Turning to Page 11, showing the historical organic growth. You can see in a historical context, the Q2 is a really strong quarter. Turning into Page 12, showing the quarterly sales of around 12 months. You can see there is an upward trend now since the Q1. Turning to Page 13, showing the EBIT and the margin development.
EBIT in the quarter increased by 58% to 1,387,000,000. In the result, there is also negative translation effects from subsidiaries of €59,000,000 compared to the corresponding quarter last year. Looking at the margin, up from 12.5 percent to 16.1%, and that is related to higher volumes, but also to good cost control. Turning to Page 14, looking at the EBIT and EBIT margin around 12 months basis, as Peter mentioned, this is the best EBIT 1st individual quarter and also with a good EBIT margin. Turning to Page 15, the profit and loss statement.
Looking at items affecting comparability, that was negative of SEK 43,000,000 in the quarter, that was entirely related to restructuring. Financial net declined in the quarter from €76,000,000 to €58,000,000 in the quarter, and the lower financial cost was related to reduced net debt and consequently less interest payments. Tax rate for the quarter, 24%, which was slightly favorable due to that was less withholding taxes on internal dividends from subsidiaries. Our earlier guidance of 25% for the full year still stands. Turning to Page 16, looking at earnings per share.
We had a strong improvement year over year, up 64% to 3.74%, excluding items affecting comparability. Turning to Page 17, cash flow. As Piotr also mentioned, we have a strong cash flow for the 2nd quarter. Cash flow was positively affected by the higher earnings generations. Of course, there was a negative working capital of €424,000,000 which was related to the higher activity level.
So we have higher accounts receivable. We have a good development on the payables, very well offsetting the slightly increased inventory. And then CapEx in line with last year. Turning to Page 18, looking at the cash conversion on a rolling 12 months basis, we are continue on a good level of 112%. This is despite the high activity levels.
Turning into Page 19, looking at the gearing and leverage development.

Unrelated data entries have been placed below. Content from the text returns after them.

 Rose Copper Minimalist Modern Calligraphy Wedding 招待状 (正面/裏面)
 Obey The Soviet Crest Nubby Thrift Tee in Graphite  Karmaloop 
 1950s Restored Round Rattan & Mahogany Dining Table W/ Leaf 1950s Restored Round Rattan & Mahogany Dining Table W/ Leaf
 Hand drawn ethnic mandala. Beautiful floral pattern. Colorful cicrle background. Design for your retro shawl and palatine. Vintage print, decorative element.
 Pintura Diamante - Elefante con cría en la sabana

We had a flat development on the debt equity ratio is 23% despite that we have paid a dividend of €1,355,000,000 during the quarter. And on the net debt over to EBITDA, we are continuing down and now are down to 1.5. I will finish off this section with the financial guidelines for 2021. CapEx, we still guide on 1.4 And as Peter mentioned, we will see a higher activity level during the second half of the year compared to what we have seen during the first two quarters.

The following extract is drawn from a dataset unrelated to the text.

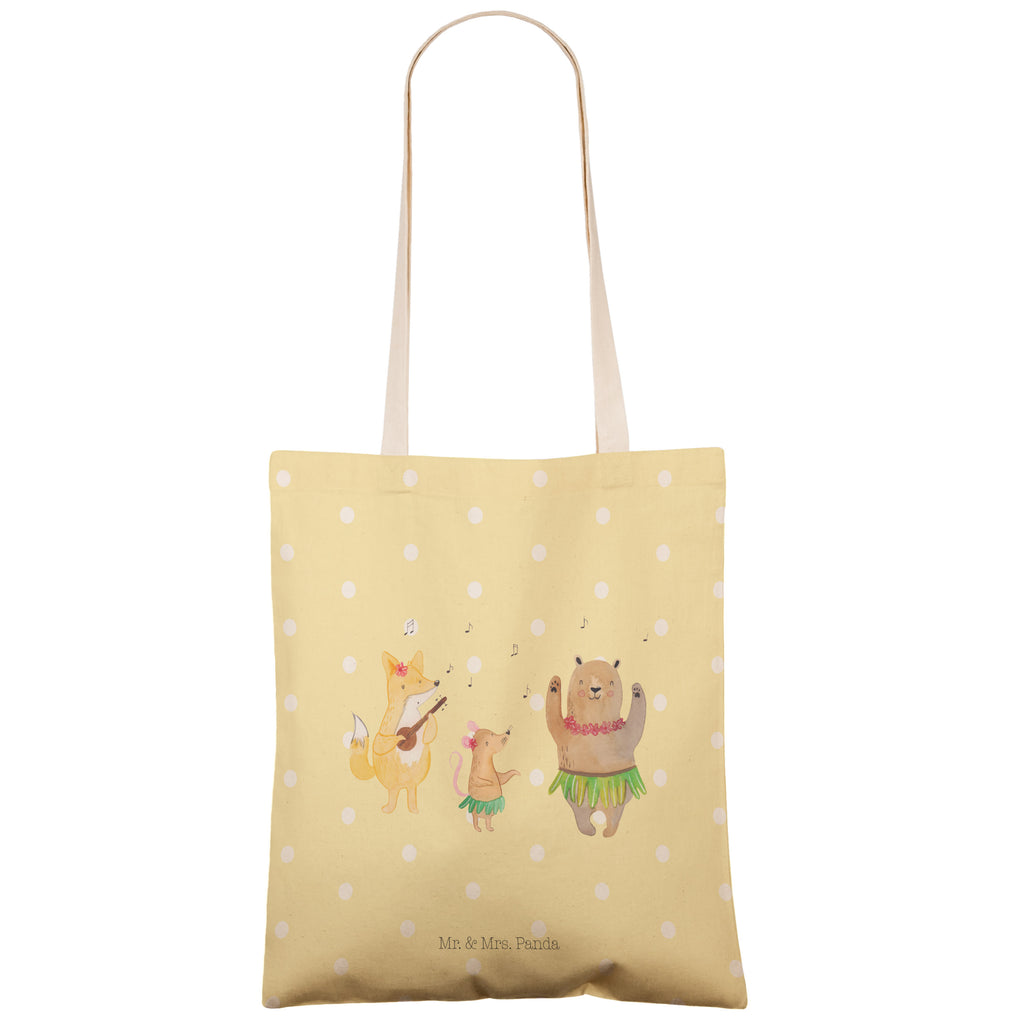 Einkaufstasche Waldtiere Aloha Tragetasche, Tasche, Beutel, Stofftasche, Baumwolltasche, Umhängetasche, Shopper, Tiermotive, Gute Laune, lustige Sprüche, Tiere, Wald, Waldtiere, Musik, Aloha, Bär, Hase, Igel, Tanzen, Leben, Lachen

Restructuring costs, we have lowered with €100,000,000 So the new updated guidance is €400,000,000 for 2021. Underlying tax rate unchanged of 25% and amortization intangibles also unchanged of €400,000,000 By that, I would like to hand back the microphone to Peter.

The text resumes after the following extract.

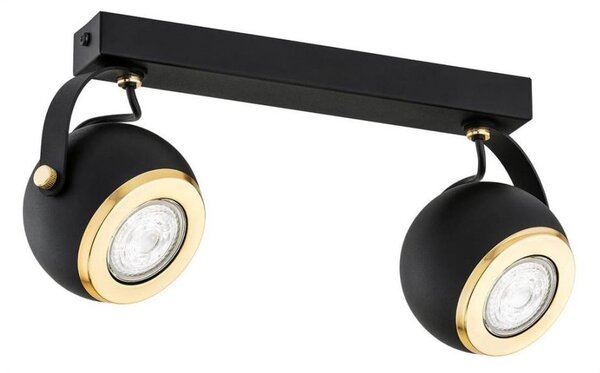 Spot KOS PLUS 2xGU10/5W/230V negru/auriu Argon 7039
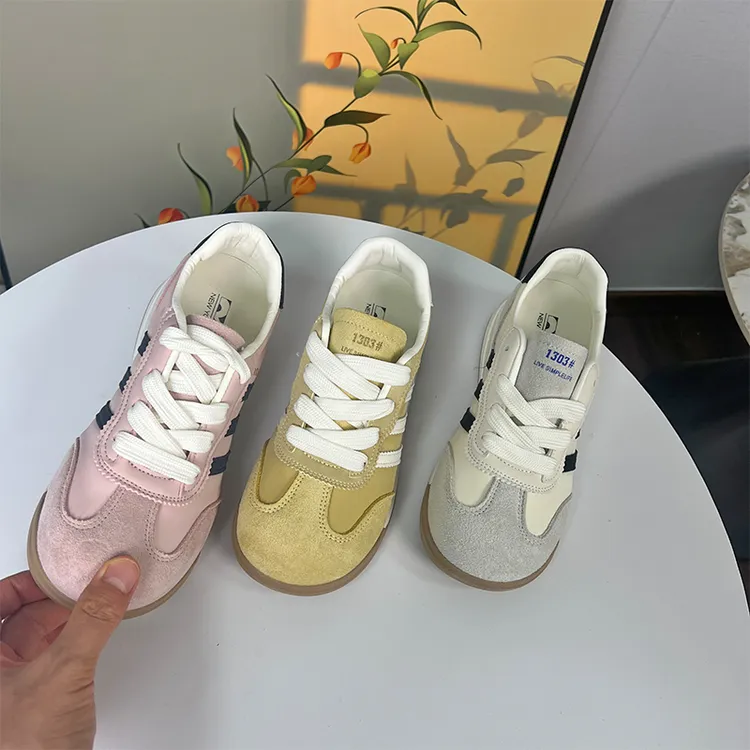 真皮德训鞋厚底板鞋女春夏季时尚薄底休闲四季款板鞋D102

Great. Thanks, Fredrik. Agenda 21, summary and outlook. Turning to Page 22 22, sorry, good very strong performance in the quarter for Trelleborg going into very strong order intake in the quarter and going into Q3 with a record high order book, but also in the quarter delivered very good sales, good organic sales and also as I said highest EBIT, quarterly EBIT to date and also with the kind of a record high EBIT margin. Cash flow also commenting very strong cash flow.
And actually for the first time since a long time, we have our less than net debt below SEK 10,000,000,000 and it continued to develop well. Very happy with the quarter as I trust you understand. And then let's say going forward, of course, we still have some challenges here in the supply chain, logistic challenges and also the inflationary pressure, but we feel it's manageable. Of course, there is some concerns and some challenges. But so far in the quarter, we believe we've been able to manage it and we don't see any kind of major obstacles going forward even though we'll still be a strain on organization, it'll still be a challenge to do, but I think it's once again it's manageable.
We don't know really, could be new impacts from COVID-nineteen. That's of course something we're going to look out for. We are ready to act again if we are exposed to closures or other issues related to COVID-nineteen continue the portfolio management in this environment also with raw materials going up. It's also offering new opportunities to work a little bit more with the pricing in order to get a better portfolio long term and also to make sure that we kind of allocate this tight supply sometimes that we allocate these to the areas where we want it to be. So this is kind of also high end agenda.
This action point continue, we must not neglect this better kind of operational cost levels that have been kind of the results of this shakeup coming from the pandemic and that's of course also high on the agenda to make sure that we continue to watch the costs even though we believe, of course, we see that the cost level is somewhat going up in the 2nd part of the year, but also that is to be balanced with somewhat better pricings. We feel the net of this is still going to be decent, continues to invest more in innovation and hopefully also going to tell you more about that in the 2nd part of the year as we are announcing new incentives in this area, Bofon Innovation and the New Technology. And then of course also we continue to Skout for acquisitions, but we are continuing to see very high valuations and we are a little bit reluctant to overpay. So we're a little bit careful at the moment, although with that said, there are of course still quite a lot of synergistic decisions we've been looking for, and we hope that we also will be able to conclude a few of those.
But overall, a little bit careful to spend on this very high valuations that we see especially in the private market at the moment. Turning then to Page 24, demand, we say it's going to be on par with the 2nd quarter which of course still going to be a sizable positive. I mean we see here between 10% in percent organic growth in Q3. That is kind of the guidance we can give at the moment. But of course, with that said and done I mean, with that said, of course, we still have the pandemic, which is a potential issue popping up and we need to watch that going forward as well.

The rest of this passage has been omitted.